宇宙開発にみる国粋主義の復活と弁証法
月でも「アメリカ・ファースト」-「NASAは宇宙での支配を目指す」長官代行が発言 - UchuBizという記事を読みました。
Petro氏は、「なぜBlue Ghostの着陸がNASAとアメリカの宇宙計画にとって重要なのか」を質問された際に、「現政権は本当に『アメリカ・ファースト』を維持したいと考えている。それを実現する方法は、宇宙のあらゆる領域で支配的な立場を確立することだ」と発言した。「そして今夜、まさに月面とその周辺で我々はその支配的地位を確立するのだ」
第二期トランプ政権にまつわるニュースは、個人的にはストレスでしかなく、あまり積極的に見聞きしたくないとすら思っていますが、ウォッチしている宇宙開発絡みのものは避けて通るわけにもいかず。同政権の掲げるスローガン、MAGA=Make America Great Againがいよいよ宇宙開発の現場でも色濃くなりつつあって、複雑な想いを抱かざるを得ません。
アメリカとソ連の国粋主義を背景として強力に宇宙開発が推し進められ、最終的に月面にまで人類が到達したことへのカウンター、一種の反動としての国際宇宙ステーション計画......さらにはNewSpaceと呼ばれる時代を経て、いよいよ宇宙開発で国粋主義が復活しつつある、というのは恐ろしくも大変興味深いトレンドです。これはまさに、田坂先生が盛んにおっしゃってきた「事物の螺旋的発展の法則」の応用例ではないですか。

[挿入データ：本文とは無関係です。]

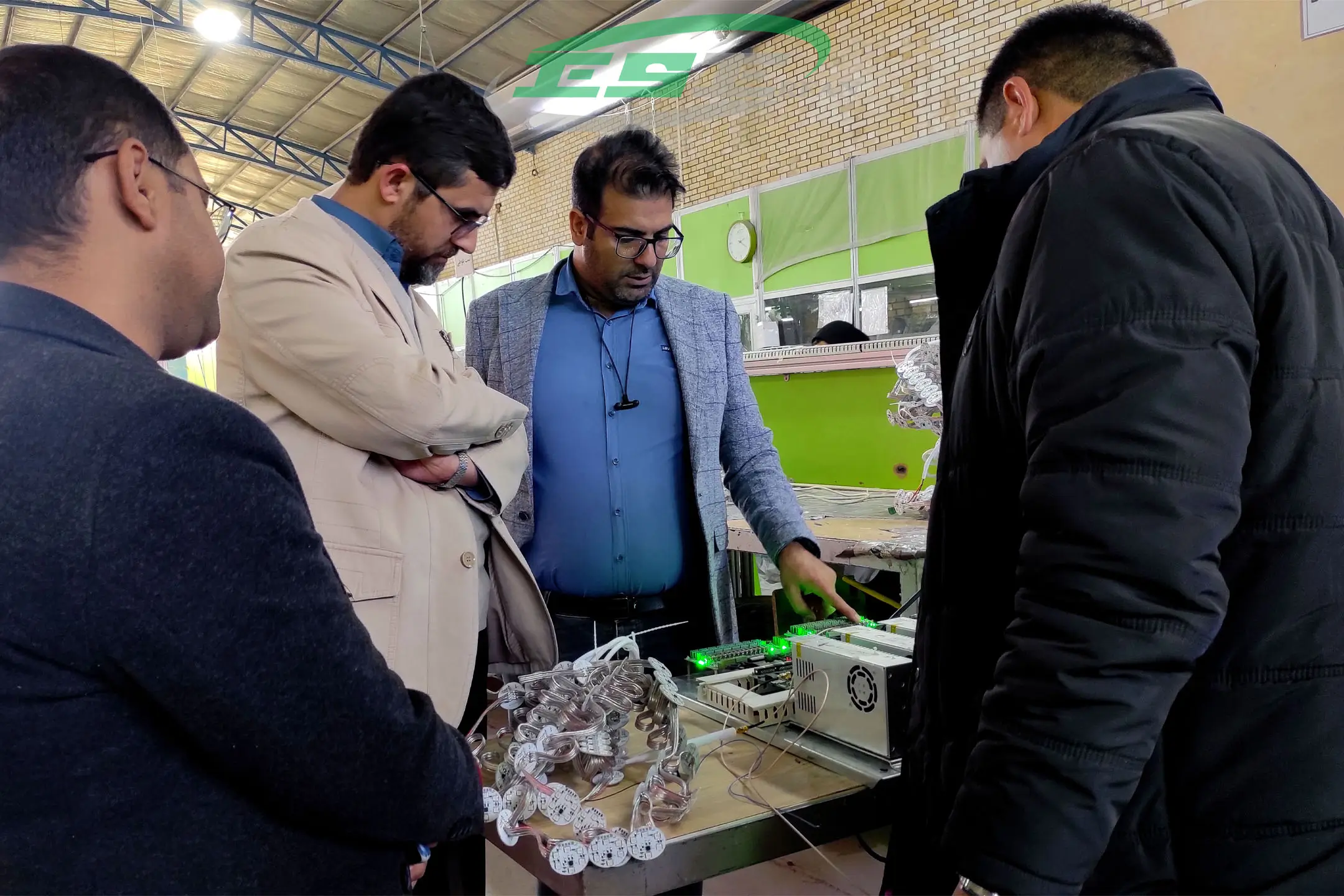 تطوير الإضاءة الذكية في مدينة يزد. 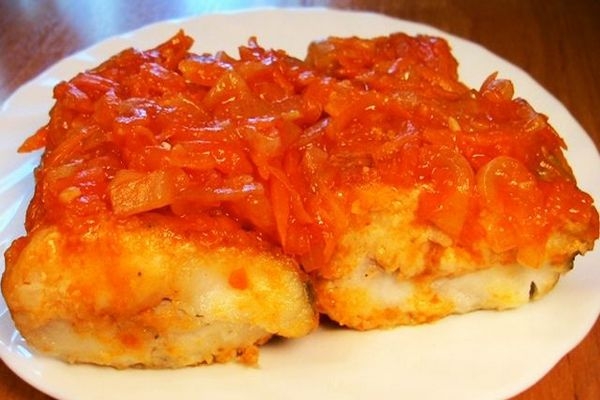Пряная рыба под овощами в мультиварке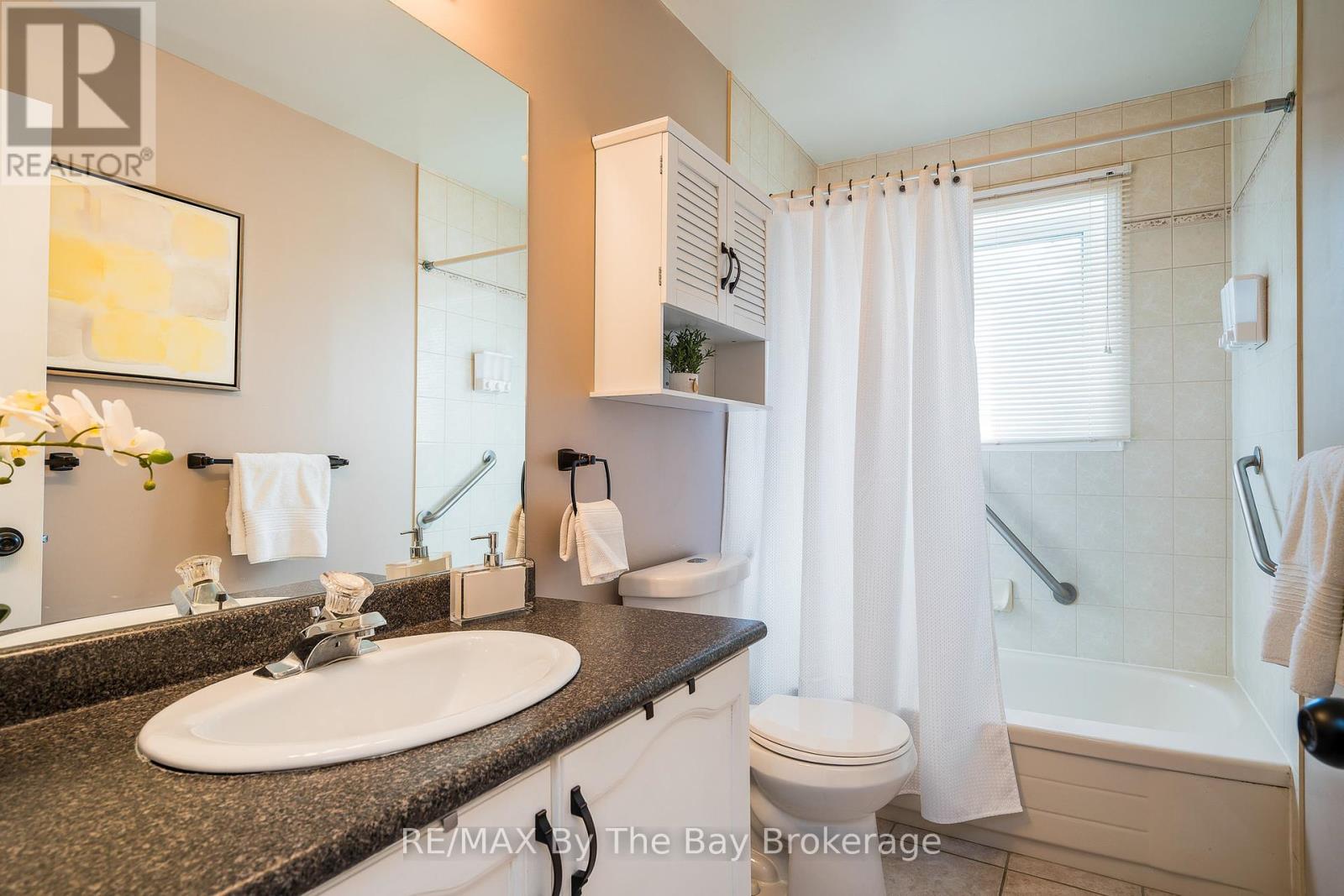 108 Shore Lane, Wasaga Beach, Ontario  L9Z 2J6 - Photo 33 - S12458778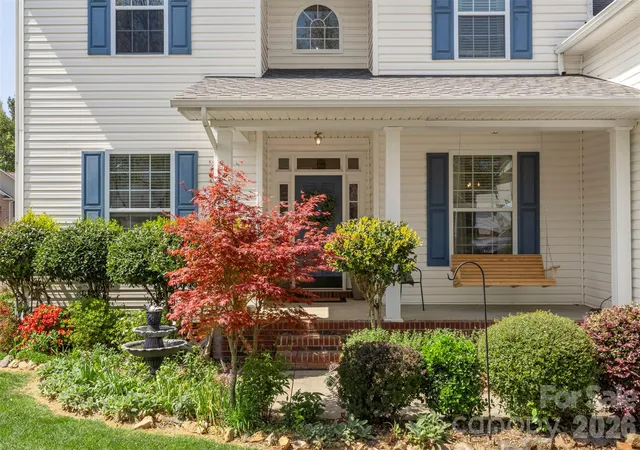 Photo 3 of Sale Pending at 14926 Bridle Tr Ln, Pineville, NC 28134 | MLS# 4379453 | Listing updated on 2026-09-17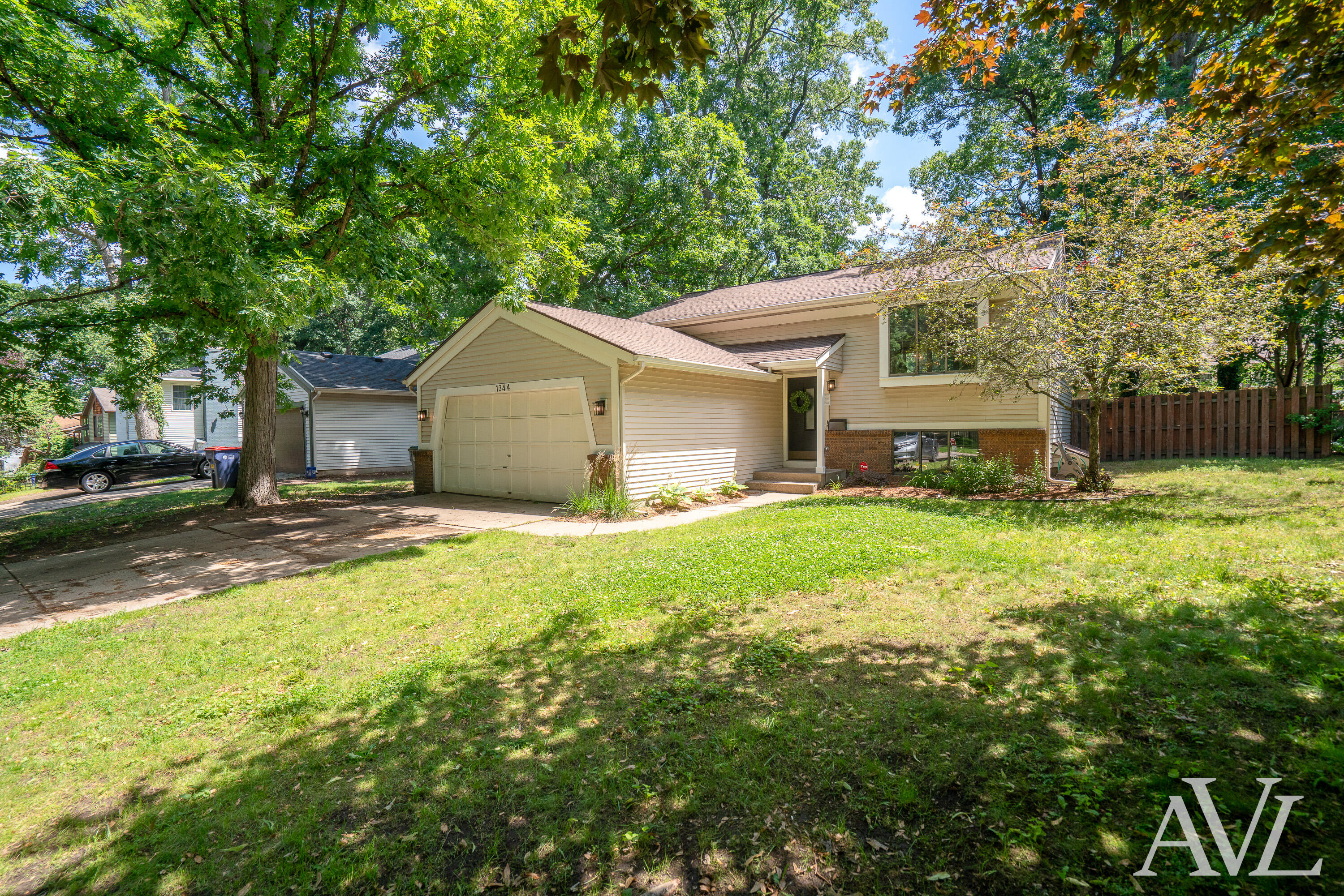 1344 Gladstone Drive SE Grand Rapids MI 49506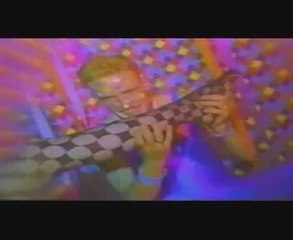 Qircles - (16mm) Shot and Directed by RENNIE COWAN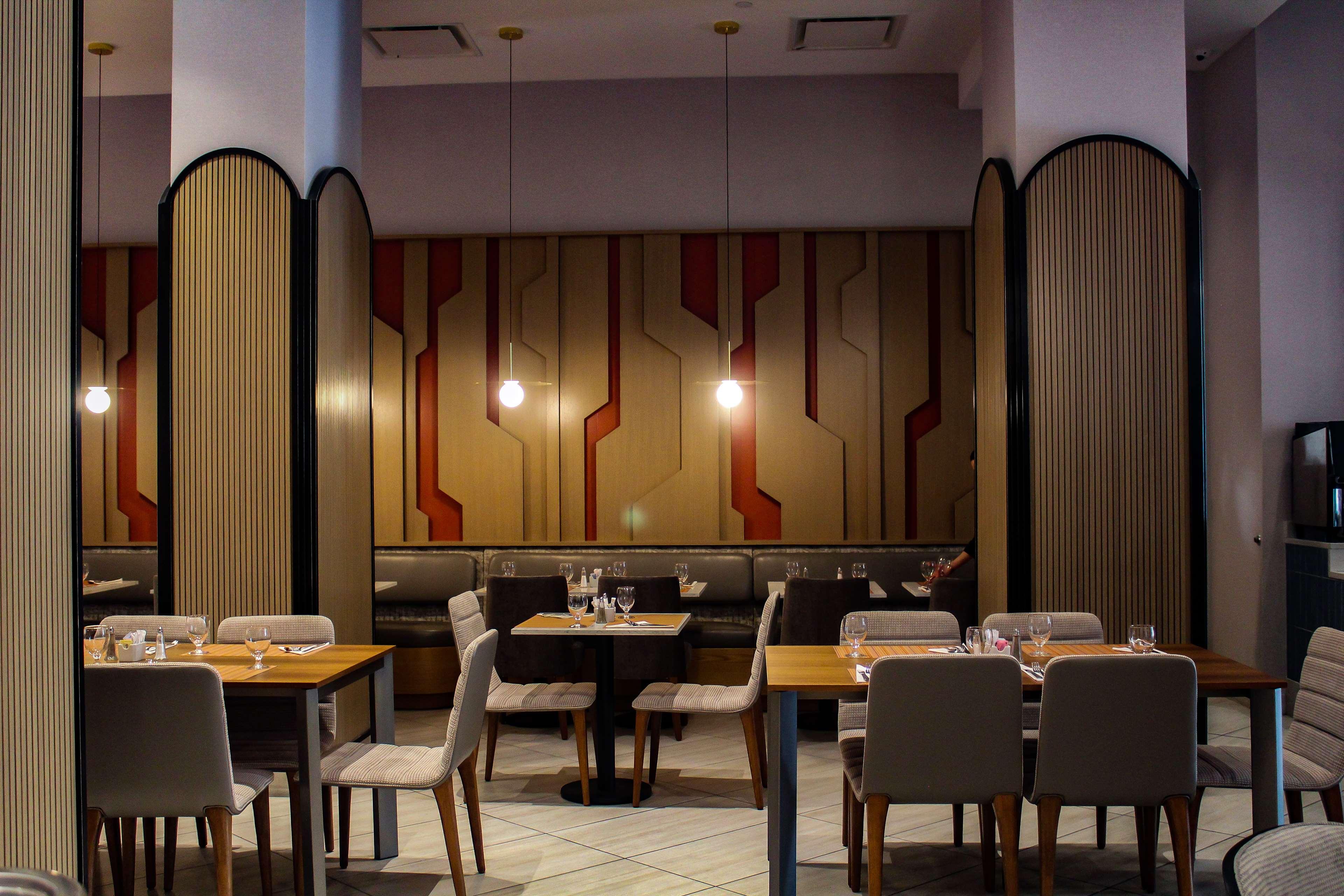 Doubletree By Hilton Times Square South Hotel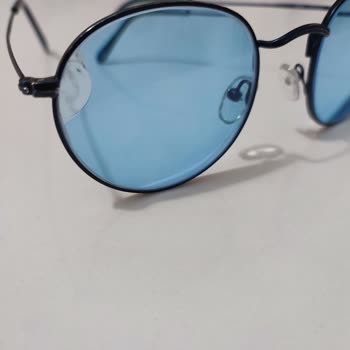Atasun Optik Gözlük Camımın Üzerinden Parça Cam Ayrıldı.
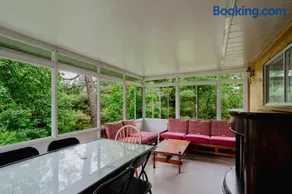 Comfy Cottage in Georgian Bay - Rockwood #9 - Image 3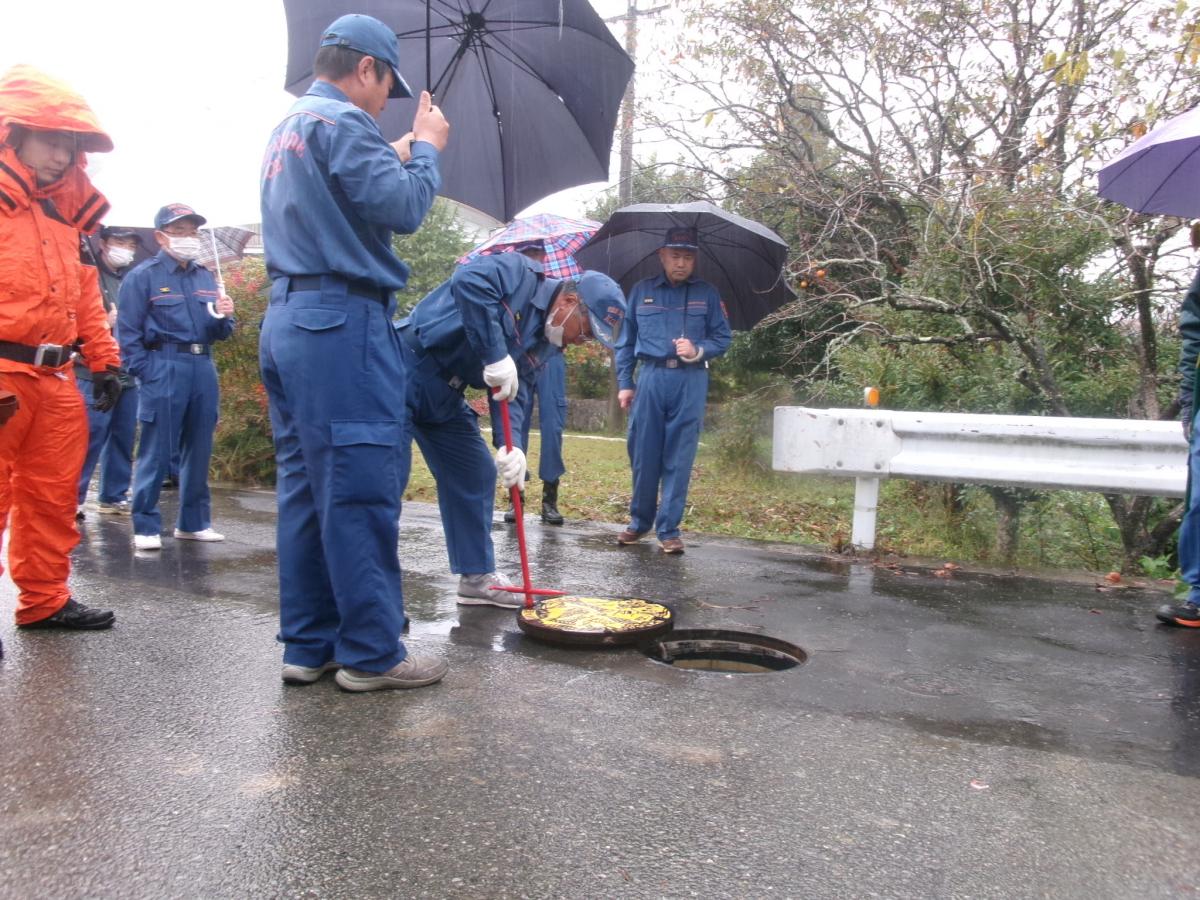 丸型消火栓取り扱い訓練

世の中の変化や発展、進歩や進化においては、古く懐かしいものが、新たな価値を伴って復活してくる
上記は、ネット時代のビジネスマンこそヘーゲルを学ぶべき理由 | 7つの知性を磨く田坂塾 | ダイヤモンド・オンラインにある「事物の螺旋的発展の法則」の解説です。古く懐かしい国粋主義が、SpaceXなどに代表される民間企業の力、新たな価値を伴って、再び宇宙開発に復活しつつある。そしておそらく、いずれ再び国際協調重視への揺り戻しが、別の価値とともに復活するのでしょう。今はただ、現行のトレンドが人類の未来を閉ざすまで過激化することのないうよう、願うのみ。